Six days into the voyage, the group's water container was broken, forcing them to begin ferreting about the ship in search of more. This resulted in them being discovered by the ship's crew. Members of the ship's crew took all of the group's money and then confined them in the compartment containing the ship's anchor chain. They were held there for three days, being given no food and little water. Eventually, the six crew members began removing the group two to three at time. Although they told the men that they were being moved to a more comfortable accommodation, the crew in fact had decided to murder the men, beating them with an iron bar and shooting them, then finally throwing them overboard somewhere off the coast of Portugal. It was later determined that the crew members' motive was to avoid the heavy fine they would have faced for bringing illegal immigrants into a Western port.
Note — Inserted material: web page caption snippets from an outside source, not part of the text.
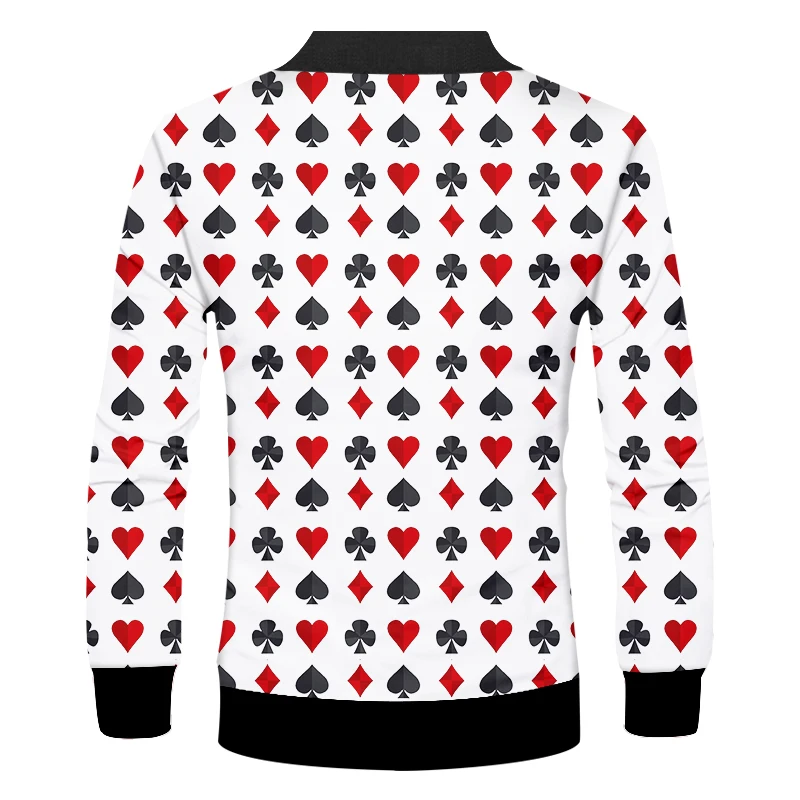 Куртка CJLM на молнии с принтом в виде покера мужские топы длинным рукавом для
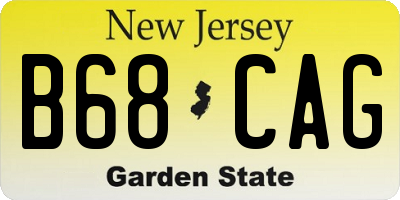 NJ license plate B68CAG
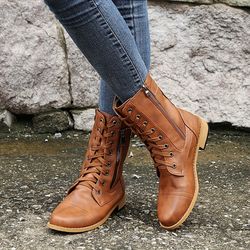 Women's Round Toe Side Zipper Hiking Boots - Lace Up Chunky Block Combat Boots - Women's t combat boots
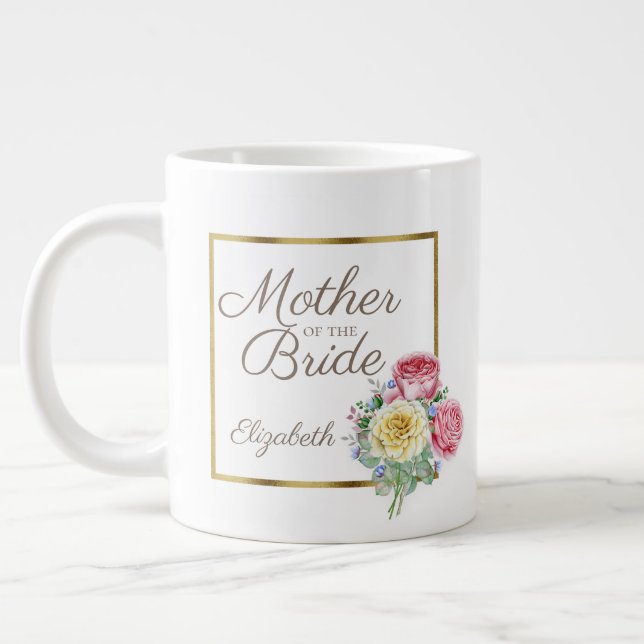 Beautiful Pink and Yellow Floral Mother Bride Large Coffee Mug (Left)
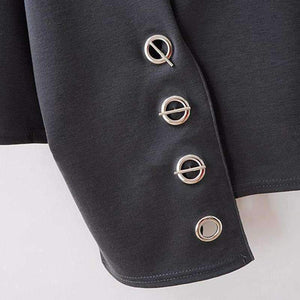 Planet Gates black / One Size Autumn Irregular Female T shirts For Women Top Long Sleeve Loose Hollow Black Tshirt Clothes Fashion New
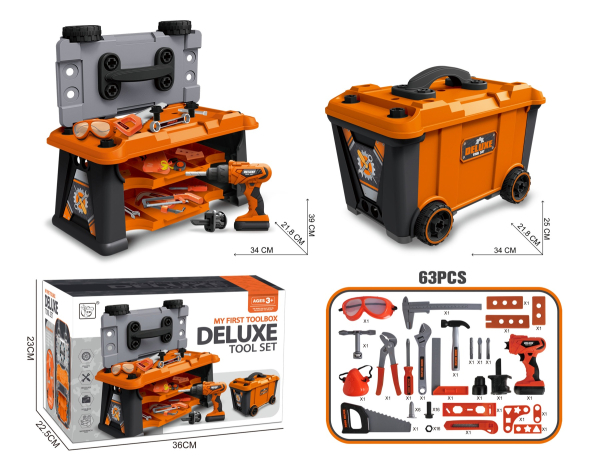 Kids Deluxe Tool Set with Workbench, 63 Pieces, Rolling Storage Box, Ages 3+, Orange and Black (Ref: 6525858104181)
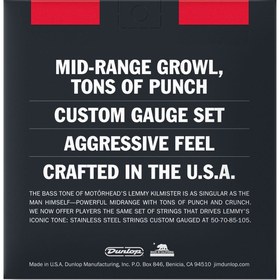 Resim Jim Dunlop LKS50105 Lemmy Signature Bas Gitar Teli (50-105)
Ofosu and Codjoe were the last two to be removed from the compartment. As they were brought out, they noticed the blood on the crewmen's clothing and surmised what was about to occur. They attempted to break away, but Codjoe was shot and thrown overboard. Ofosu successfully escaped back into the bowels of the ship and went back into hiding, successfully eluding the crew's searches for him for three days until the ship reached port in Le Havre, France.
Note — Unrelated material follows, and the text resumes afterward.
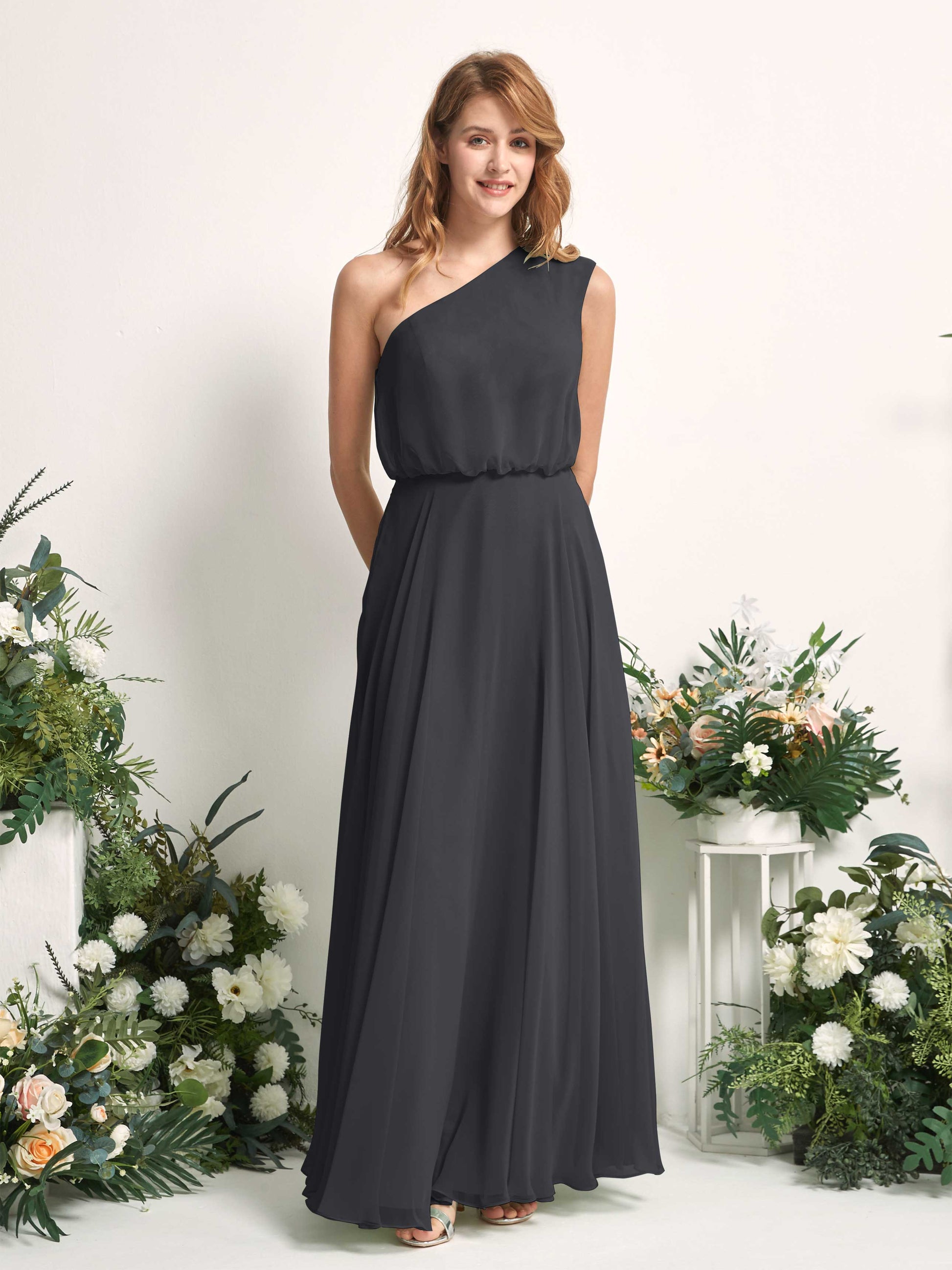 Cecily Pewter One Shoulder Maxi Dress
===Investigation and trial===
Upon the arrival in Le Havre, Ofosu slipped off of the ship and made his way to a police station, where he reported to the authorities what had occurred during the voyage. Prior to leaving the ship, he had left his Ghanaian identification papers in one of the ship's cocoa sacks, providing evidence of the truth of his story once it was found. Human excrement found in the cargo hold also provided corroboration that other stowaways had originally been aboard.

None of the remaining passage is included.